The oldest sub-locations within the area are Veldhuizen and Langerak. Construction activities there began in 1997. Veldhuizen then still belonged to the municipality of Vleuten-De Meern. When this municipality joined Utrecht in 2001, most of the 3,000 new homes in Veldhuizen were already occupied. The largest sub-location of the area is Vleuterweide; it has over 18,000 inhabitants. Because of this size, Vleuterweide is divided into three neighborhoods. Other large sub-locations are Terwijde and Het Zand. By 2020, about 90% of the Leidsche Rijn project was complete. New construction activities of any size will still take place in Leidsche Rijn Centrum and north of Vleuten.

During construction, several archeological remains were discovered. In 1997 and in 2003 Roman ships were discovered in the neighbourhood of De Balije. In 2002 and 2003 Roman watchtowers were discovered in the neighbourhoods of Vleuterweide and Het Zand.

==Transportation==
===Roads===
Within the Leidsche Rijn district, the A2 / Ring Utrecht West was widened and set up as a parallel lane system with a main lane (three lanes in each direction) and a parallel lane (two lanes in each direction). In the Leidsche Rijntunnel, a so-called land tunnel, the freeway was covered. In connection with this, the slip roads at Lage Weide were relocated. This work near Utrecht coincided with a national project to widen and improve the A2 motorway.

The A12 west of the Oudenrijn interchange just outside the district was also widened. The section between this interchange and De Meern received six lanes and in the opposite direction five lanes. Between De Meern and Gouda, the A12 was widened to four lanes in both directions. In addition, new slip roads with access roads were constructed near Harmelen for the benefit of Harmelen itself and the western parts of Vleuten-De Meern and Leidsche Rijn. Again, this work coincided with a national expansion project to improve the A12.

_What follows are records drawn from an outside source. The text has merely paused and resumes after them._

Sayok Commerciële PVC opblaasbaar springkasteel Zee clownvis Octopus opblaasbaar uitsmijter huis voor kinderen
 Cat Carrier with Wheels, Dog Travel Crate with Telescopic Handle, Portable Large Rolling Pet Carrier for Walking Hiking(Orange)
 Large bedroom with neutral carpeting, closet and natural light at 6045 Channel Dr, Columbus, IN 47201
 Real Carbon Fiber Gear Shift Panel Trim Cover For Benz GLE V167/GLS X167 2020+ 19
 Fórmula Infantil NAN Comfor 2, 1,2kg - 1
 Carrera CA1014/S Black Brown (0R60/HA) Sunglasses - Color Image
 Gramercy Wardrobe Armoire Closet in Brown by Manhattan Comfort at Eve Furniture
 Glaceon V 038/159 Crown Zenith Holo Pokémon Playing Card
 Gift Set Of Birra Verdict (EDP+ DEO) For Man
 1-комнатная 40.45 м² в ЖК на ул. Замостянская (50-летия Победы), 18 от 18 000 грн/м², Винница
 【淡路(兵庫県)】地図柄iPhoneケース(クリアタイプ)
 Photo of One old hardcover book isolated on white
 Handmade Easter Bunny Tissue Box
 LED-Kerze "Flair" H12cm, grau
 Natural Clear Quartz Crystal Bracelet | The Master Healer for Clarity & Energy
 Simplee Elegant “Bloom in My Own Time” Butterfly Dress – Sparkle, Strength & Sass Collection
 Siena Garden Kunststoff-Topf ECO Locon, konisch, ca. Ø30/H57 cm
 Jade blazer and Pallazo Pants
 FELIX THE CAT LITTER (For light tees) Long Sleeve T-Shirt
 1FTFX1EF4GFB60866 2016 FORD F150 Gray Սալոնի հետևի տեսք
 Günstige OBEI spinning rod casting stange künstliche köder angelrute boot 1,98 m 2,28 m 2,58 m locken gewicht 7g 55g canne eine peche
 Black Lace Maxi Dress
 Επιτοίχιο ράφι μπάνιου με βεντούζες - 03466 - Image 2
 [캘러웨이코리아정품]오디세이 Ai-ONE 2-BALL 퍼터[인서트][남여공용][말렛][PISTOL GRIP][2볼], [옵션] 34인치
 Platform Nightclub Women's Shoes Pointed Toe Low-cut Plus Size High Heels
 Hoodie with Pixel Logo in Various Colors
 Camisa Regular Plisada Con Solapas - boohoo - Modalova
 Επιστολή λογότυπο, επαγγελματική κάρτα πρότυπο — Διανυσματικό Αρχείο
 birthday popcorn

A northern and southern city axis were constructed for vehicular traffic. Between the large shopping center of Leidsche Rijn and the Berlin Square is the Stadsbaantunnel. This was built against the Leidsche Rhine tunnel.

===Rail connections===
In October 2018, the doubling of the number of tracks from two to four in the railroad between Utrecht and Woerden was completed. This was part of the project and concept of Randstadspoor, which aims to provide good access to the Utrecht region and, among others, the Vinex locations in this region. Vleuten station was relocated and two new stations were added: Utrecht Terwijde and Utrecht Leidsche Rijn. In Leidsche Rijn and Vleuten the track was raised and provided with spacious underpasses. For the purpose of this doubling, a second railroad bridge over the Amsterdam-Rijnkanaal was installed in late 2017 alongside the already existing railroad bridge.

The area of the districts Leidsche Rijn and Vleuten-De Meern, has two largely free bus lanes. City and regional buses run over these with high frequency and, in accordance with the concept of high-quality public transport, provide smooth connections between the old and new city districts of Utrecht. Several bridges and viaducts in Leidsche Rijn have been built with separate lanes for buses.

==Education==
Leidsche Rijn has several primary and secondary schools, such as the Leidsche Rijn College or Academie Tien.